In consideration for the transaction, and on closing thereof, the company will pay in cash an aggregate of $4-million and anticipates issuing an aggregate of up to 52,857,142 common shares in the capital of GAR to the holders of Netcoins securities at a deemed price of 35 cents per payment share. The total number of payment shares includes the issuance of payment shares in exchange for dilutive securities of Netcoins which are expected to be exercised prior to closing.
At closing, all outstanding unexercised warrants to acquire Netcoins common shares pursuant to outstanding Netcoins warrants will be cancelled. In consideration for such disposition, the holders of Netcoins warrants will receive the right to acquire one common share in the capital of GAR. The exercise price under each replacement warrant will be equal to the exercise price at the time of closing under the particular Netcoins warrant that was cancelled in consideration for such replacement warrant.
The payment shares will be subject to escrow conditions and/or resale restrictions as required by applicable securities laws and the policies of the CSE.
In connection with the transaction, the company will also issue five million common shares to an arm's-length third party at a deemed price of 35 cents per common share as a finder's fee.
Closing of the transaction remains subject to certain closing conditions, including obtaining all necessary approvals, including approval of the CSE and, if applicable, shareholders of the company. There can be no assurance that the transaction will be completed as proposed or at all. It is expected that trading in the company's securities will remain halted pending completion of the transaction.

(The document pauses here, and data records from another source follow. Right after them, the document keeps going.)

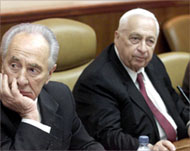Peres (L), served as Sharon's foreign minister from 2001-2002
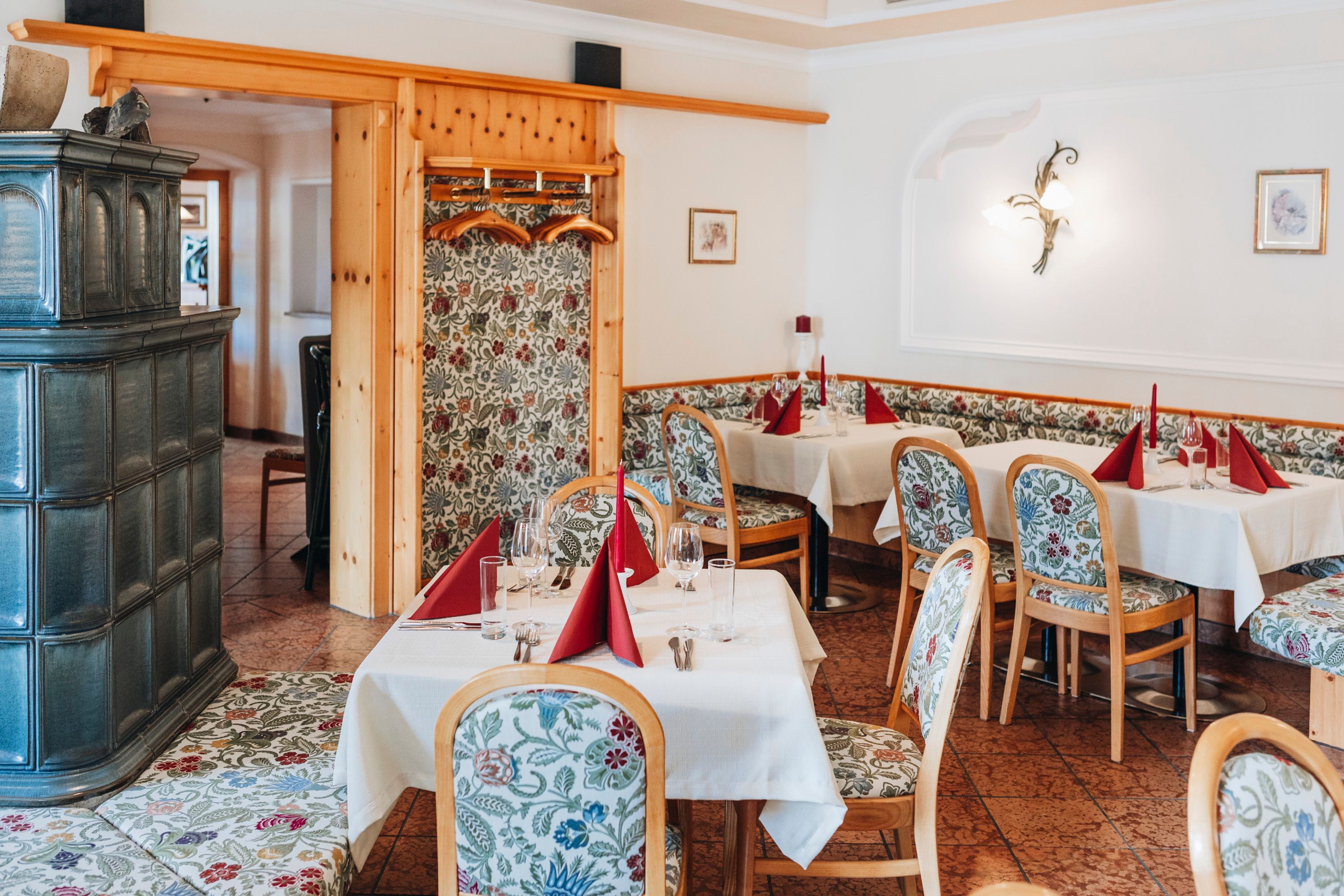 Gemütliche Wirtshausstube mit gedeckten Tischen und floral gemusterten Stühlen.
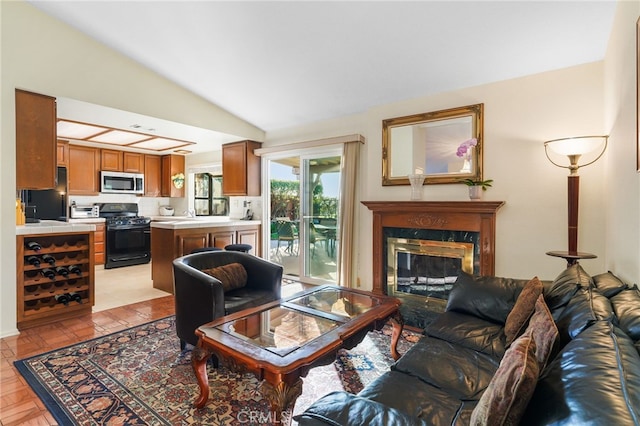 living area with a fireplace and vaulted ceiling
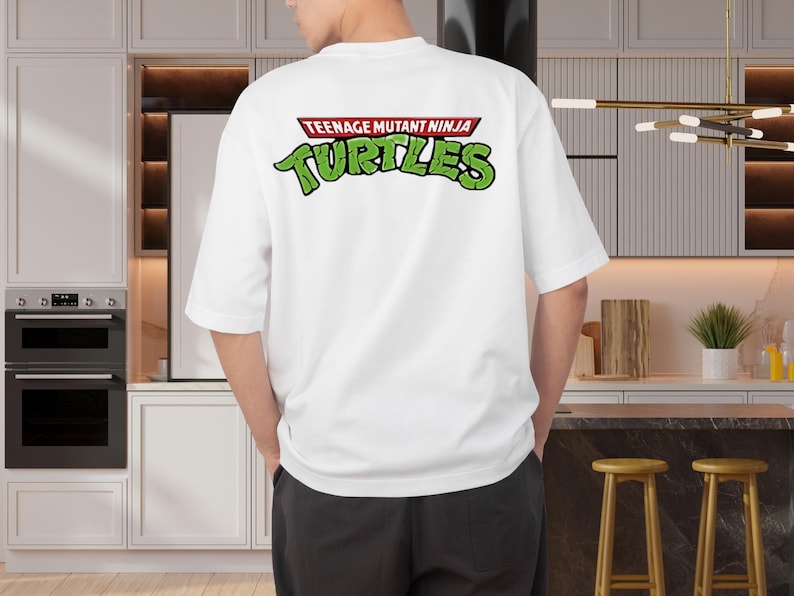 May include: White t-shirt featuring the text "TEENAGE MUTANT NINJA TURTLES" in green and red. The shirt has short sleeves and a relaxed fit. The design is on the back of the shirt.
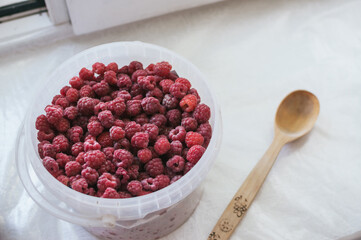 Ripe raspberries in bucket and wooden ladle on windowsill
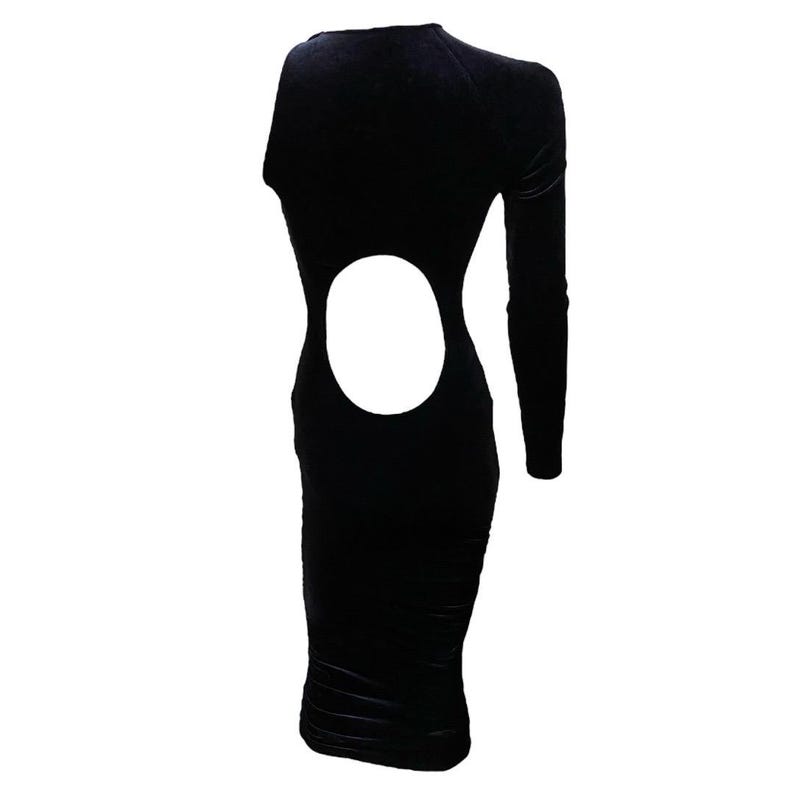May include: A black velvet midi dress with a cut-out detail on the back. The dress has long sleeves and a fitted silhouette.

The company is also pleased to announce that it intends to complete a non-brokered private placement offering of up to 23 million common shares at a price of 35 cents per share for gross proceeds of up to $8.05-million.
Closing of the offering is subject to a number of conditions, including receipt of all necessary corporate and regulatory approvals, including the CSE.
All securities issued in connection with the offering will be subject to a statutory hold period of four months plus a day from the date of issuance in accordance with applicable securities legislation. In addition, the shares will be subject to a 12-month hold period and will be released for resale in accordance with the following schedule: 50 per cent released six months from closing of the offering and the remaining 50 per cent released 12 months from closing of the offering.
The offering is not subject to a minimum aggregate amount of subscriptions. A finder's fee may be paid to eligible arm's-length finders in accordance with CSE policies.
The net proceeds from the offering will be used to finance the transaction and to provide working capital to the resulting issuer.
About Netcoins Inc.
Netcoins was incorporated on July 8, 2014, in British Columbia. Netcoins has, since incorporation, been in the business of developing software to better facilitate the purchase and sale of bitcoin for end-users.